**Assignment:**
With the pictures left out, retype exactly the lines below starting at the line that contains "Vista frontal del" and ending at the line that contains "Petite woman in".

**Exercise materials:**

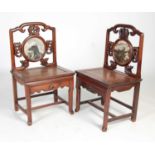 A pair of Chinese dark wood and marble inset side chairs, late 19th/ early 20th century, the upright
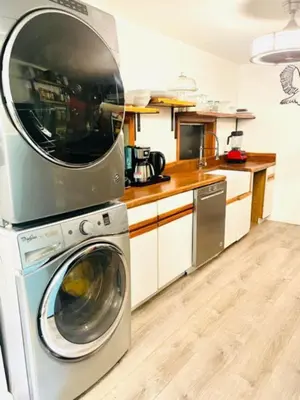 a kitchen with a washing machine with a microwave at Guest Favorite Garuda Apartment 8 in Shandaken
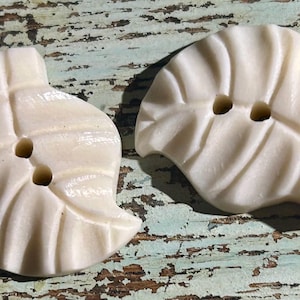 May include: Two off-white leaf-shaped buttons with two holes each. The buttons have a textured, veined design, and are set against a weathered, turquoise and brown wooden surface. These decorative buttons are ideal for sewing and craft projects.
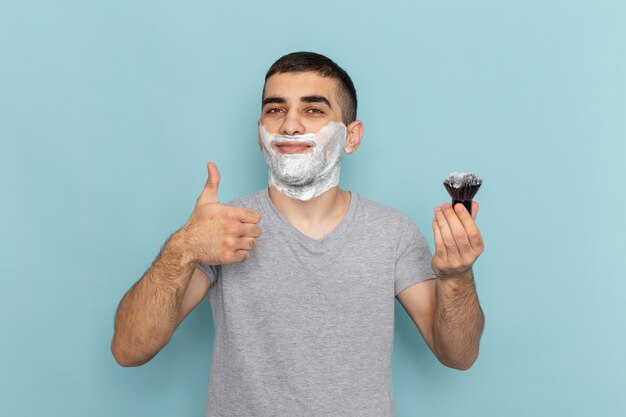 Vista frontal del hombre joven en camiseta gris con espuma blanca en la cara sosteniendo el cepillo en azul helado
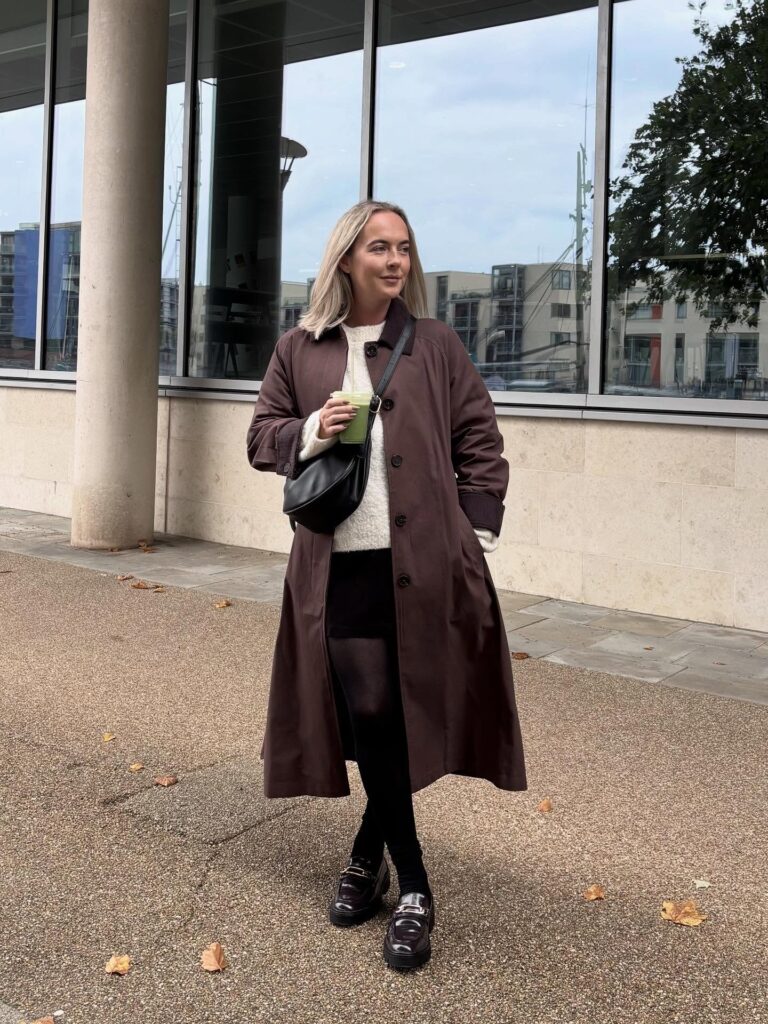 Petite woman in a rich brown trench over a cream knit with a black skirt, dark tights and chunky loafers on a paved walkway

* * *

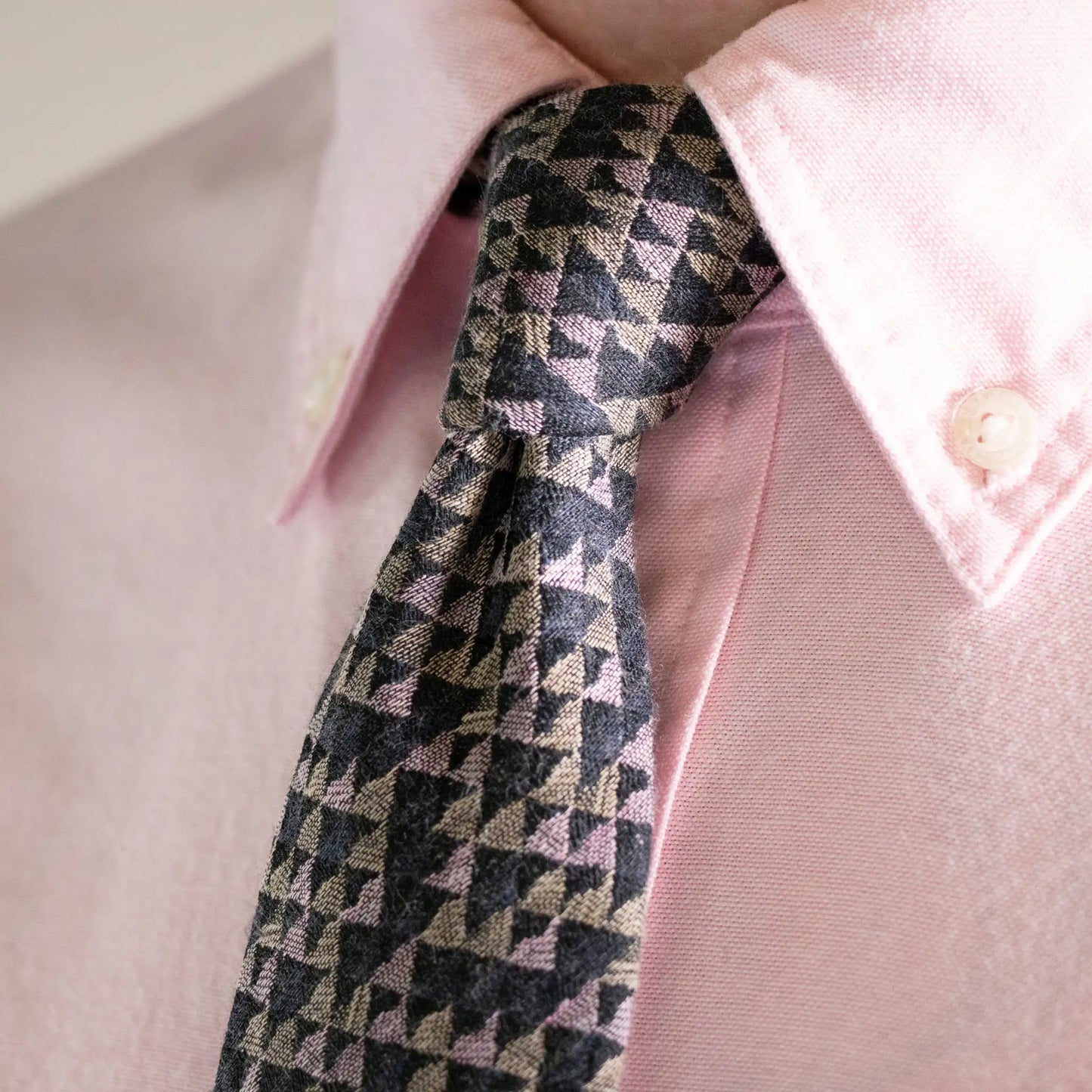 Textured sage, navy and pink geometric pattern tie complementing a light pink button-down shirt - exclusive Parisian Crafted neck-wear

==

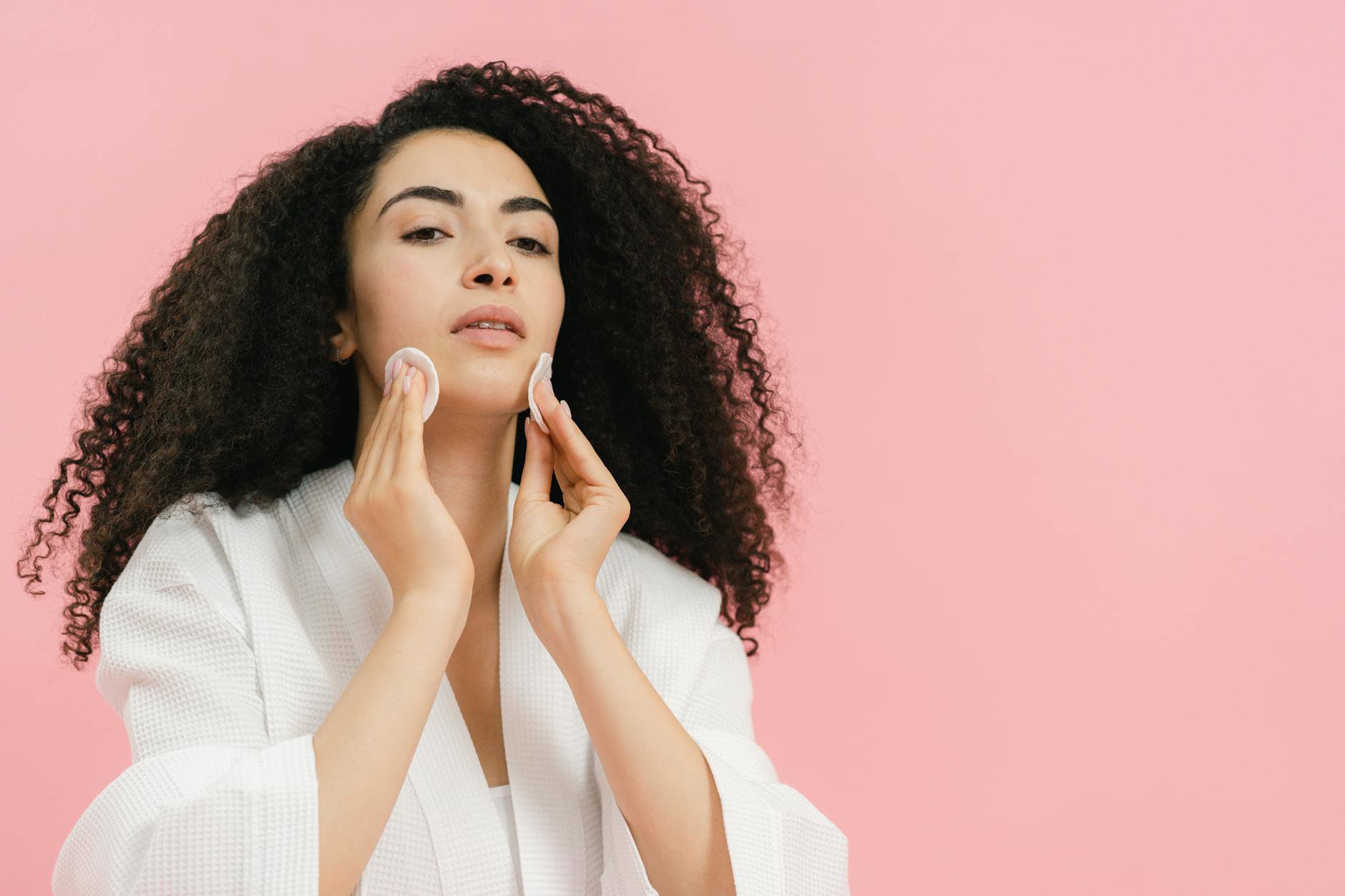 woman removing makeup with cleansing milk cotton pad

**Task answer:**
 Vista frontal del hombre joven en camiseta gris con espuma blanca en la cara sosteniendo el cepillo en azul helado
 Petite woman in a rich brown trench over a cream knit with a black skirt, dark tights and chunky loafers on a paved walkway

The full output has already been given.